Valuation of Personal Travel
Cars and Chauffeurs
When the regulatory requirements for demonstrating a bona fide business-oriented security concern have been met, the value of “transportation-related security” may be excluded from the employee’s gross income as a working condition fringe benefit if, but for the bona fide business-oriented security concern, the employer would not have adopted those security measures. This does not mean that a primarily personal trip by the employee will be converted into an excludable fringe benefit. As explained by the regulations, only the value of the added security measures will qualify for exclusion as a working condition fringe benefit.

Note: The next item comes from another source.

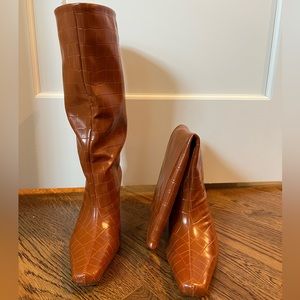 Light Brown Croc Midi Boots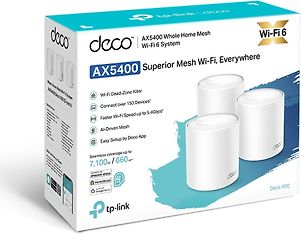 TP-LINK Deco X60 AX5400 WiFi 6 -Mesh-järjestelmä, 3-pack, kuva 3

For example, if an employer provides an employee with a vehicle for commuting and, because of bona fide business-oriented security concerns, the vehicle is specially designed for security, then the employee may exclude from gross income the value of the special security design (for example, bulletproof glass) as a working condition fringe. The employee may not exclude the value of the commuting from income as a working condition fringe, because commuting is a nondeductible personal expense.14
Thus, the value of any personal use of an employer-provided vehicle must still be included in the employee’s gross income and treated as wages (and subject to payroll taxes). For example, if the employer values the personal use of the car using one of the special valuation rules, such as the automobile lease valuation rule,15 that calculation is not affected by the value of any security features added to the car following an overall security study, because the value of the personal use of the car must still be included in the employee’s income.

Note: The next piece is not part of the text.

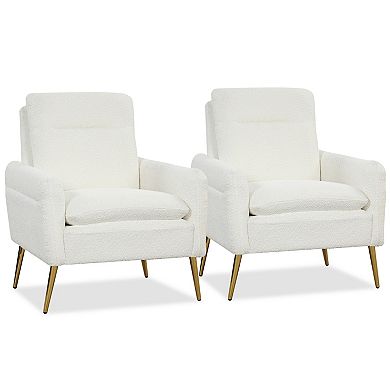 Upholstered Sherpa Modern Accent Armchair For Living Room-White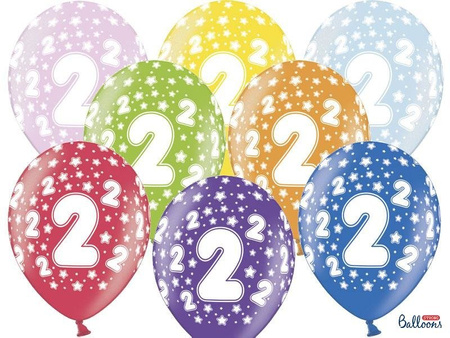 Latex balloons with an imprint '2' for birthday, Metallic Mix, 30 cm, 6 pcs.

Likewise, in addition to being able to exclude from income the incremental value of the vehicle attributable to bulletproof glass or other security features, the employee will be able to exclude the entire value of the services of the bodyguard/chauffeur from his income. However, the bodyguard/chauffeur must also be trained in evasive driving techniques.16
Corporate Aircraft
Safe Harbor Valuation Rule for “Control Employees”

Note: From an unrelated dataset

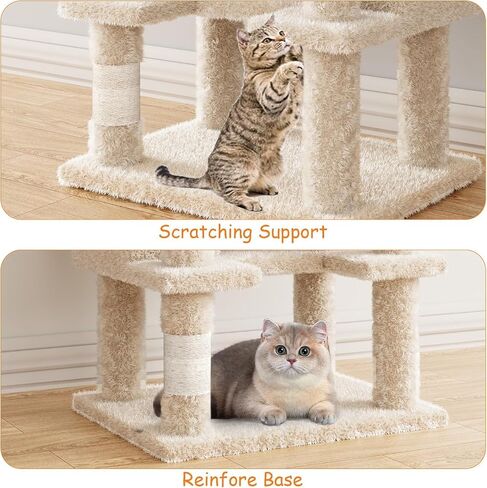 Cat Tree, 63 Inch Cat Tower for Indoor Cats, Plush Multi-Level Cat Condo with 3 Scratching Posts, 4 Perches, 2 Caves, Hammock, Gray in Saudi Arabia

If the security study recommends that the covered executives use the corporate aircraft for both business and personal purposes, the employer is permitted to exclude the excess value, if any, of any personal trip computed under the noncommercial flight rule of Treasury Regulations Section 1.61-21(g) over the value computed under the special safe harbor valuation rule for flights required because of bona fide business-oriented security concerns.17 Specifically, the value of the safe harbor airfare is determined under the noncommercial flight valuation rule by multiplying 200 percent by the applicable cents-per-mile rates (commonly referred to as the standard industry fare level, or SIFL, rates) by the number of statute miles in the flight and then adding the applicable terminal charge. In most cases involving the use of corporate jets, this working condition fringe safe harbor for security-related travel reduces the valuation of personal trips on the corporate jet from 400 percent of the SIFL rates to 200 percent. The reason is that the aircraft multiples of the noncommercial flight valuation rule (for example, 400 percent of the SIFL rates) are based on the maximum certified takeoff weight of an aircraft. The multiples vary according to whether the employee is a “control” or “non-control” employee.18 Because most large corporate jets have a maximum takeoff weight of 25,001 pounds or more and executives are considered to be “control” employees for purposes of these rules, the aircraft multiple is usually 400 percent of the SIFL rates.19 Thus, when a personal flight on the corporate aircraft is provided for security reasons, the flight may be valued at the lower aircraft multiple of 200 percent, resulting in significant savings in employment taxes. The company may use a lower multiple for flights that qualify, such as when an executive uses a helicopter or light jet or if the company is providing corporate aircraft transportation to an employee who is not a control employee.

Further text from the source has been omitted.